Hi just checking in LOOKS GREAT!!!!


----------



## MarkA (Mar 23, 2002)

Yes, Bob - it does look great!


----------



## The Old Wizard (Mar 24, 2002)

I do have one question sort of. I see that you now have a file upload. I'm using Web TV/M$N TV. This activates the ability to upload jpg files such as photos, or TV screen shots. I think this is a nice feature. Will we be able to use this feature when posting?


----------



## Scott Greczkowski (Mar 21, 2002)

Hey Wizard,

Actually I was just working on this. At the moment if you try uploading you will get an error. VBBS instead of storing user uploaded files in a directory they are saved directly in the database. :eek2:

I don't want to compromise the database like that at the moment (at least untill I am more comfortable with the Database) and am looking in to mods to make things a little better for all.

Its because of this problem that Avatars are not working.

We are working on it.


----------



## Guest (Mar 26, 2002)

Why are all the times in GMT? That's great if you live in England.


----------



## Chris Blount (Jun 22, 2001)

> _Originally posted by EricG _
> *Why are all the times in GMT? That's great if you live in England. *


The clock is set to GMT to allow everyone to set their own time. When you register you have access to a user control panel (UserCP) which will enable you to set the time zone to where you live.


----------



## Scott Greczkowski (Mar 21, 2002)

This is easy to fix.

To Change your Time Zone. Click on the "user cp" button on the top right of the screen.

Select "Edit Options" from the menu that appears.

Change the Time Offset to your time zome.

Click the Submit Modifications button on the bottom page.

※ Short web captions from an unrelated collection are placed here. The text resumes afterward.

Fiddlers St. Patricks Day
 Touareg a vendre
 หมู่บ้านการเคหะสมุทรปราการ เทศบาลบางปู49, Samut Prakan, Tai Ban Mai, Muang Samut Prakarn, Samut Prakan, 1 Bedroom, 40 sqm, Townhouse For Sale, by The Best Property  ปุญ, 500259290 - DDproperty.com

You are now all set and you will see everything on your own local time.

Hope this helps!

Welcome to DBSTalk.COM


----------



## Guest (Mar 28, 2002)

I just may have to register !


----------



## Scott Greczkowski (Mar 21, 2002)

Please do register Eric, it will make things much earier to follow for you.

Besides its free. 

Welcome Aboard! :hi:


----------



## EricG (Mar 28, 2002)

Wow, THAT was easy!


----------



## Steve Mehs (Mar 21, 2002)

Welcome aboard Eric


----------



## geneb11 (Mar 24, 2002)

I would like to see the forum jump at the top of the page. I know most groups have them at the bottom. maybe it is not an option.I hope this sig is ok it is a small button img. let me kfnow it is a problem. I like the setup of this site. alot more options. oh ya how about equipment list like at avs forums in your profile.


----------



## Mark Lamutt (Mar 24, 2002)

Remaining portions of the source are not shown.